Later ads focus on different issues, such as health care and immigration reform. Grace Gosar, a longtime family physician, speaks tearfully in one about her battle with terminal cancer that she said has been checked by her husband’s insurance. In another, medical interpreter Jennifer Gosar, speaking in Spanish, calls her brother a danger to immigrants because he would “criminalize” their lives.
Landfried said the ads grew out of a conversation that began when Brill noticed a tweet by Dave Gosar and reached out to him. He said that dialogue led to the voluntary, unscripted collaboration with the Gosar siblings on the ads.
But Gosar campaign manager Tom Van Flein said in an email that the campaign has backfired on Brill.
“Our poll numbers increased and our supporters, and even people on the fence, have rallied and became highly motivated,” Van Flein said. “Our online donations skyrocketed. Twitter and Facebook users and engagement increased exponentially.

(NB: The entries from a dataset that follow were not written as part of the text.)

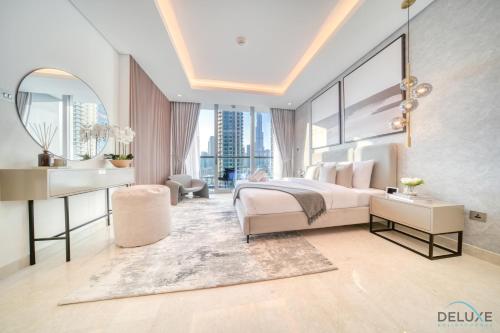 Exclusive Offer Cozy Stay with Burj Khalifa Views by Deluxe Holiday Homes, Dubaï (photo 5)
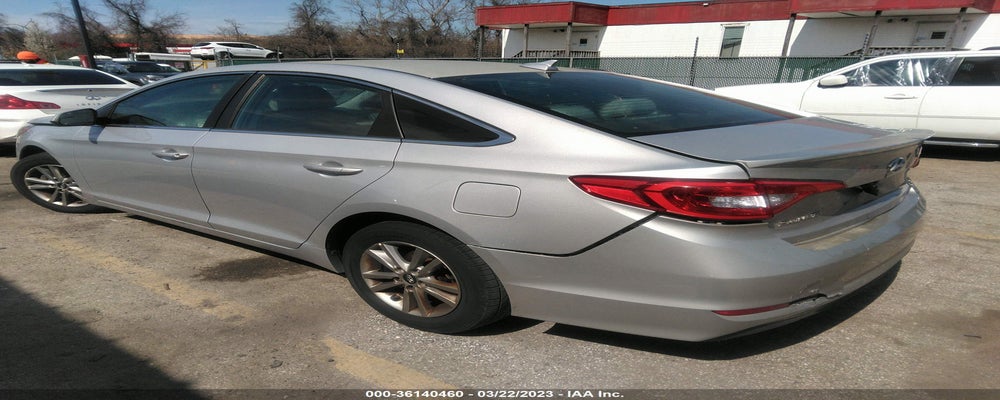 5NPE24AF7GH323128 2016 HYUNDAI SONATA photo no. 3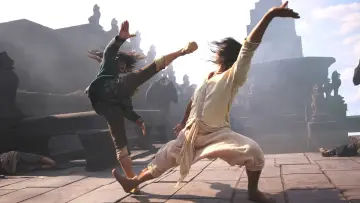 Zasłona do filmu "Ong Bak 3" #311163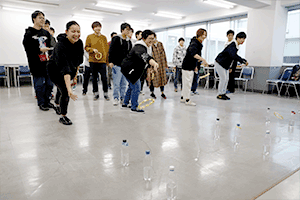 生活アクティビティ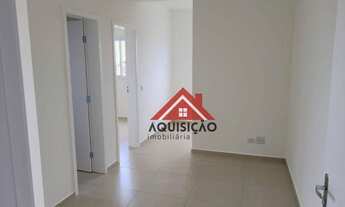 Imagem 2: Apartamento com 2 dormitórios à venda, 34 m² por R$ 174.890,00 - Cajuru - Curitiba/PR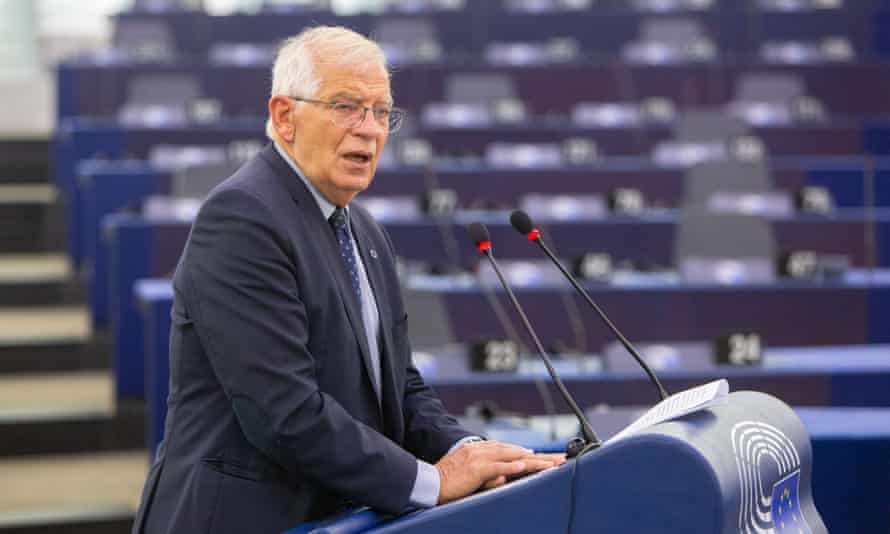 Josep Borrell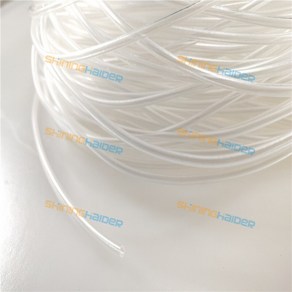 투명 PVC 튜브 호스 100m 내경 2mm 외경 3mm 2x3mm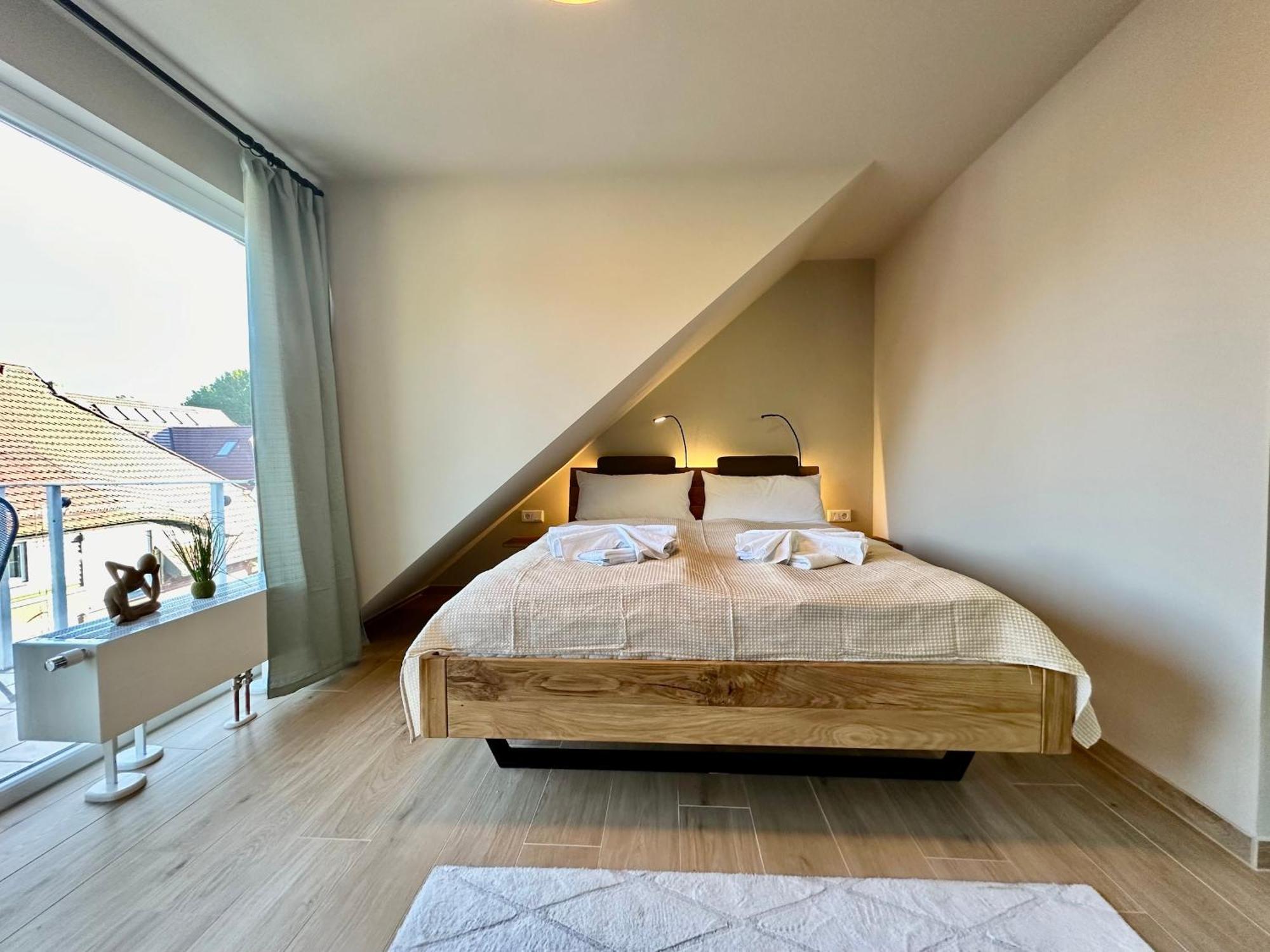 Ferienanlage Eldena Ferienwohnung 12 ロープベ エクステリア 写真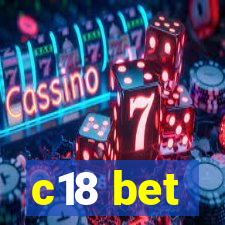 c18 bet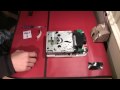 Drivekey Wii Modchip installation Video Tutorial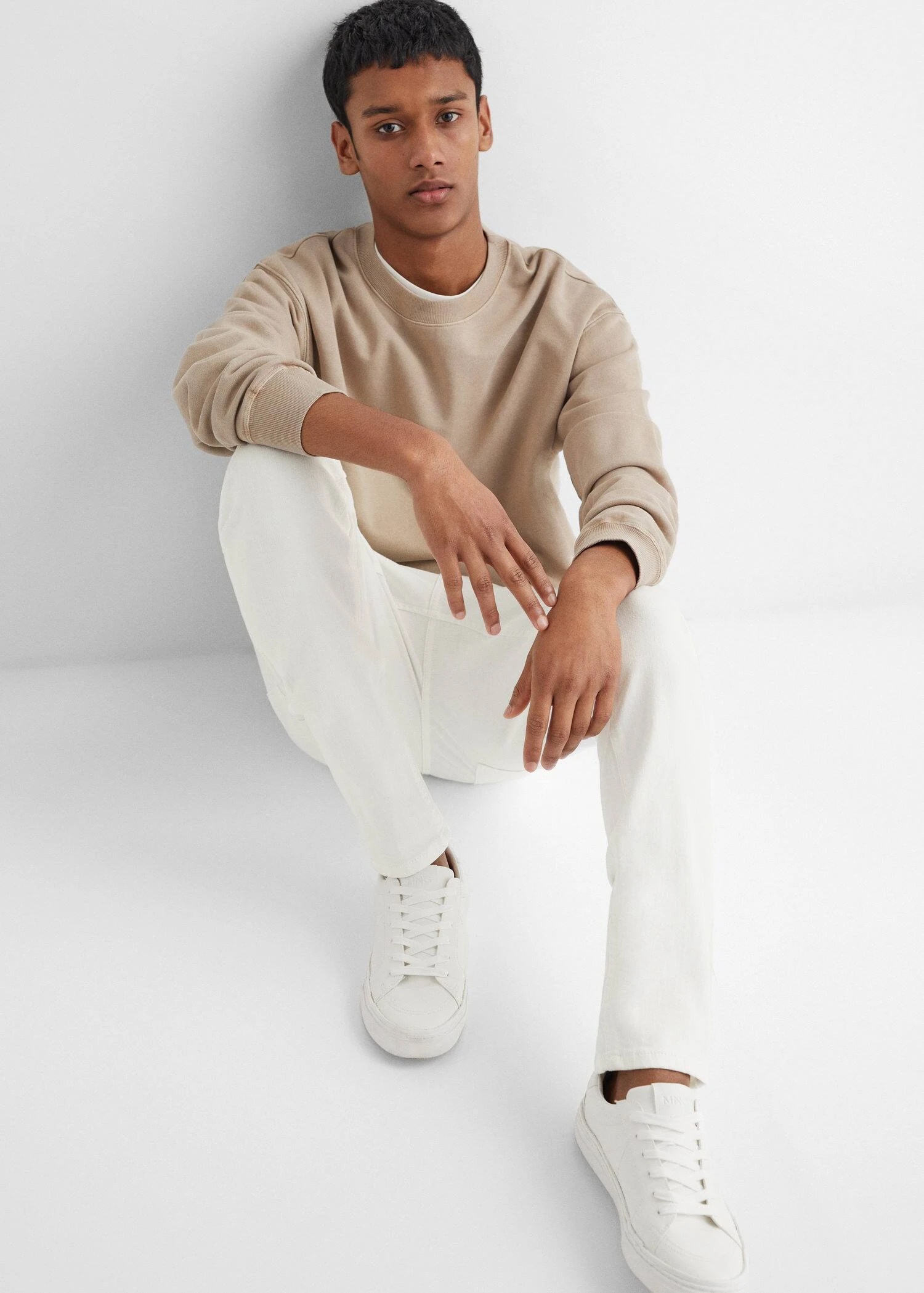 Jean Slim-fit Boutons 6 Jean Slim-fit Boutons – Image 4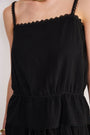 Amelie Top - Black
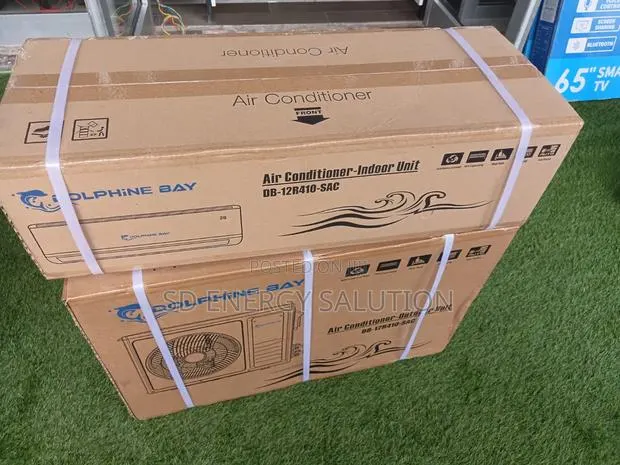 Dolphine Bay Energy Saving 1.5hp Air Condition · Photo 1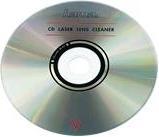 Actual product image Hama CD drive cleaner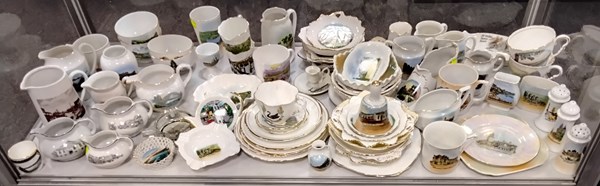 Lot 1266 - SOUVENIR CHINA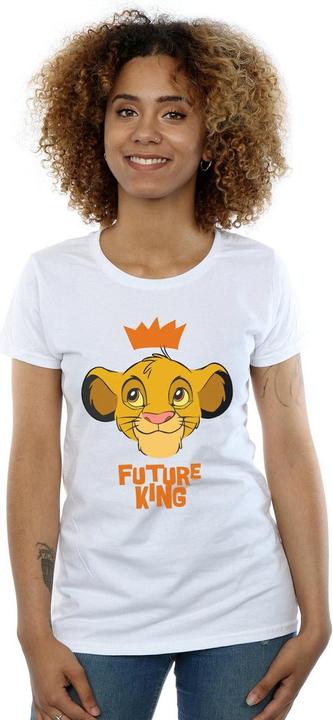 Produktbild Disney The Lion King Simba Future King TShirt (XXL)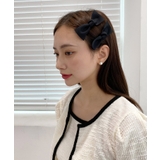 クラシックブラックリボンクリップ | by muni:r | 詳細画像11 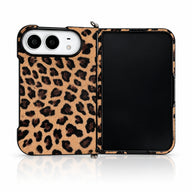 Textured Handle iPhone Duo Case in Leopard, case only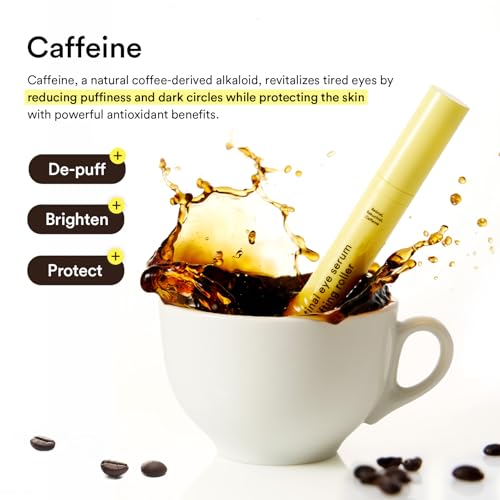 image for Abib Retinal Eye Serum Lifting Roller 0.5 Fl Oz,15ml | Anti-Aging Eye 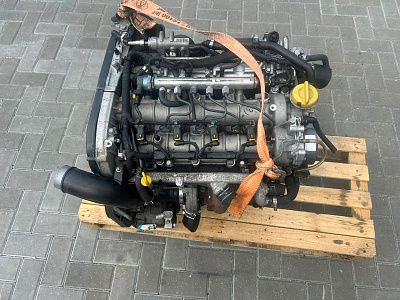 Z19DTH Двигатель (мотор, ДВС) для Opel Zafira 2006 б/у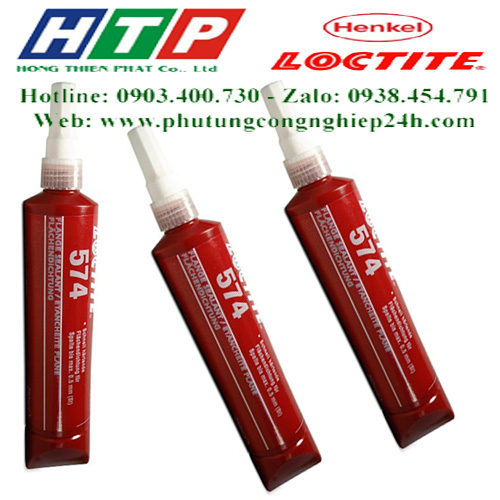 Keo dán làm kín ren henkel loctite 574-50ml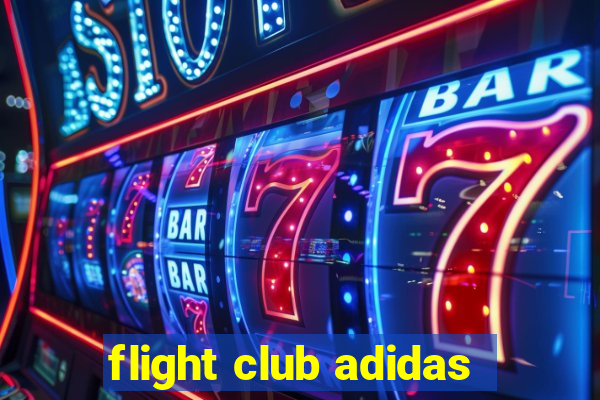 flight club adidas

“The ad was a complete failure in terms of trying to undermine support for Congressman Gosar,” he said.
Rep. Steve Stivers, R-Ohio, chairman of the National Republican Congressional Committee, said he remains confident Gosar will hold his seat, and dismissed the siblings as partisan outsiders with a bone to pick.
“The issues they talk about are just not going to resonate in Congressman Gosar’s district,” said Stivers, calling it a “feud” with “brothers and sisters who are all registered Democrats and have not supported Congressman Gosar in the past.”
Based on voter registration alone, Stivers has reason to be confident. Republicans in the 4th District outnumbered Democrats 188,124 to 79,798, according August numbers from the Arizona Secretary of State’s Office, with 143,378 voters registered as independents.
“A paperclip with an ‘R’ next to it would win this district,” said David Wasserman, House editor for the Cook Political Report.
While the ads have brought Brill attention, Wasserman said that may have “pulled attention away from other districts that may be winnable for Democrats.” He pointed to Arizona’s 6th District, including Scottsdale and Paradise Valley, where he said Democrat Anita Malik is generating enthusiasm in her bid to unseat Rep. David Schweiker, R-Fountain Hills.
But Landfried doesn’t buy the idea that Democrats should give up on a district like the 4th, which he calls “a winnable race,” based on what he said is only a 37 percent approval rating for Gosar in the district.
The latest Federal Election Commission reports show that Gosar had raised $422,481 in this election cycle to $213,491 for Brill, but Landfried said contributions have soared recently.
“We’re bringing new resources into a district that has been largely ignored by the Democratic establishment,” Landfried said.